Short descriptive text snippets
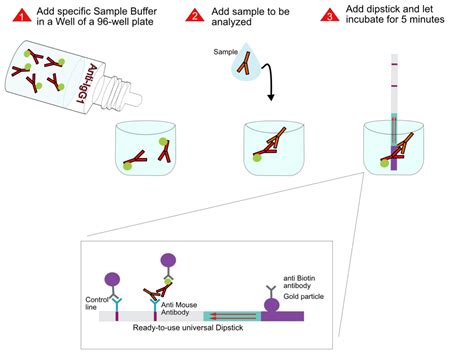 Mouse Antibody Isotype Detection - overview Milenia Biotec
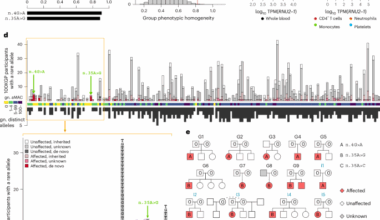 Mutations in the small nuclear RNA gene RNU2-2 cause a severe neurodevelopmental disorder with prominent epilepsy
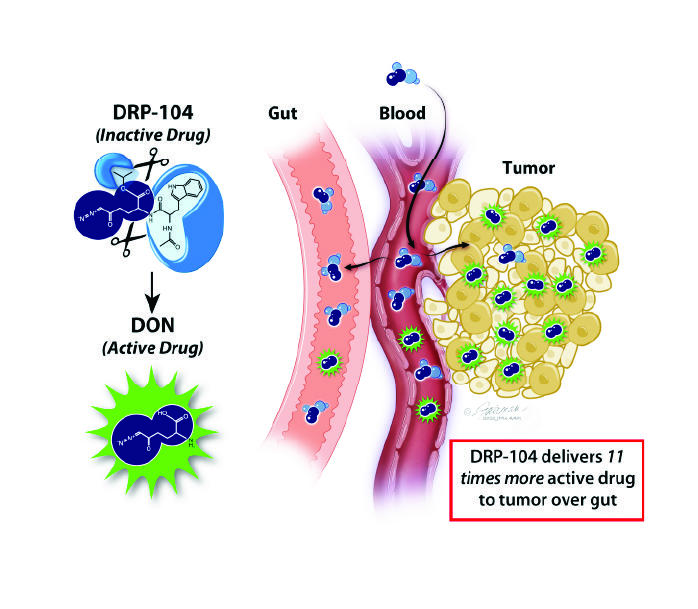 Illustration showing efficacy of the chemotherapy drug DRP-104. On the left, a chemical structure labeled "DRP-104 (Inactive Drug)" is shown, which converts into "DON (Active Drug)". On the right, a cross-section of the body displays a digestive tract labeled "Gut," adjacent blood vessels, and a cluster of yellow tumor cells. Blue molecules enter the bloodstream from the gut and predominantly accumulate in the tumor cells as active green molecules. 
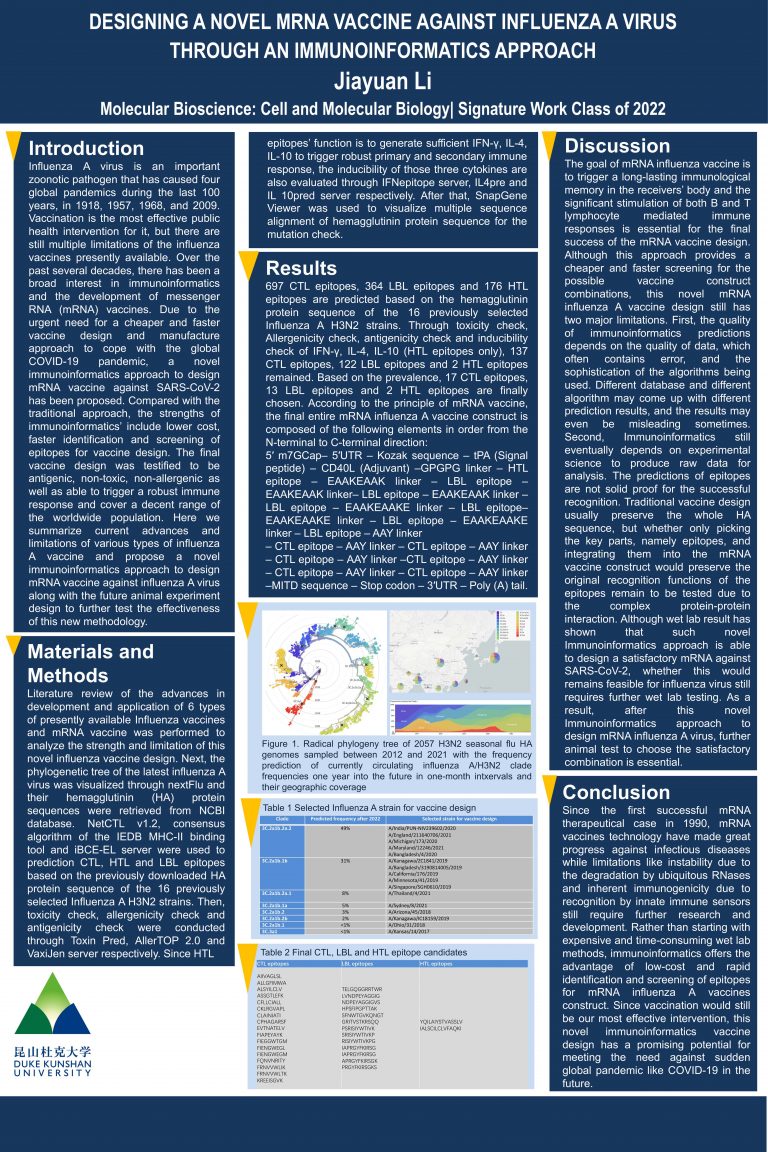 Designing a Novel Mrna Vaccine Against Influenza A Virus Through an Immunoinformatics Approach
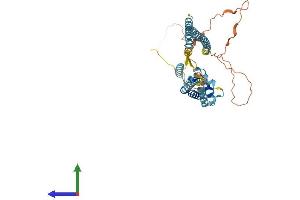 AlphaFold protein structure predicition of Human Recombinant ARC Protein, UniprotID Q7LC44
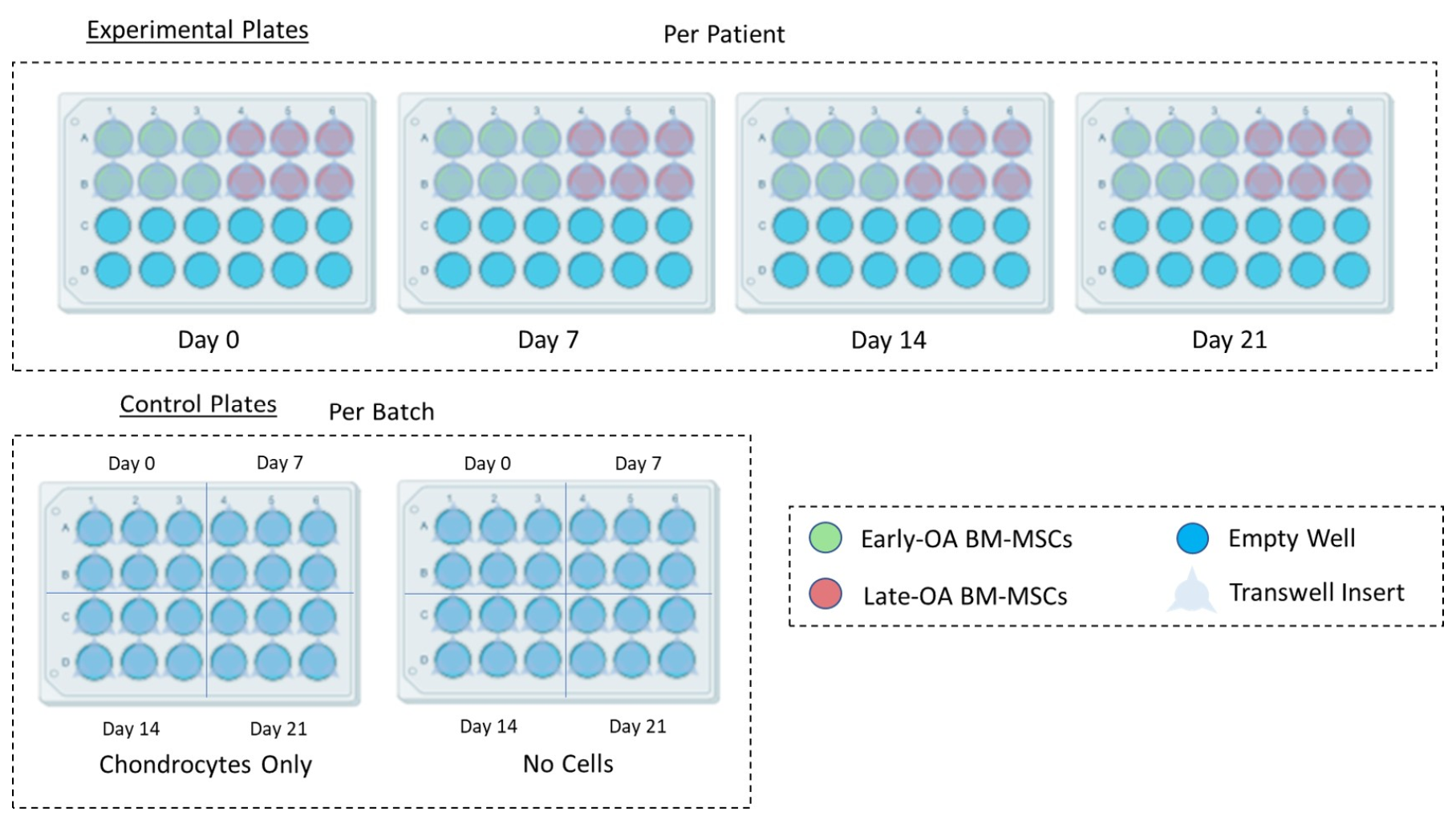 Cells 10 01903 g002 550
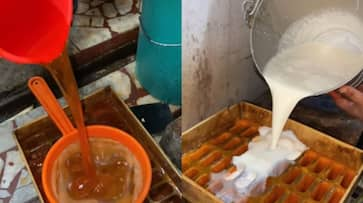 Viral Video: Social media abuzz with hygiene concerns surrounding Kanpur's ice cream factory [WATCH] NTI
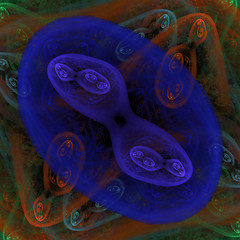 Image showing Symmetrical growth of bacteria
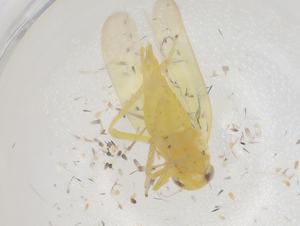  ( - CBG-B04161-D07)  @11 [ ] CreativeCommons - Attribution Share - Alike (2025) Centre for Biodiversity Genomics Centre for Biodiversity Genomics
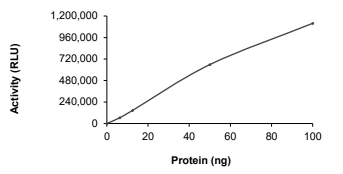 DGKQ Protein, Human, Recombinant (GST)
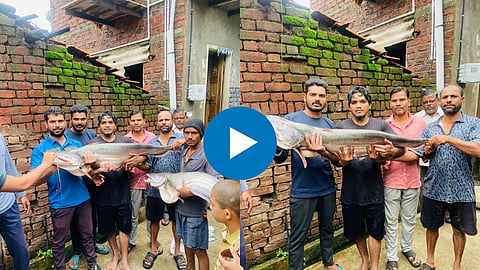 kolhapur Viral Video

EXERCISE BRIEF: Please set down, exactly and with no pictures, the lines in the entries above starting at the one holding "AlphaFold protein structure" and ending at the one holding "( - CBG-B04161-D07)", ends included.

PROBLEM SOLUTION:
 AlphaFold protein structure predicition of Human Recombinant ARC Protein, UniprotID Q7LC44
 Cells 10 01903 g002 550
 Viral Video: Social media abuzz with hygiene concerns surrounding Kanpur's ice cream factory [WATCH] NTI
 Image showing Symmetrical growth of bacteria
  ( - CBG-B04161-D07)  @11 [ ] CreativeCommons - Attribution Share - Alike (2025) Centre for Biodiversity Genomics Centre for Biodiversity Genomics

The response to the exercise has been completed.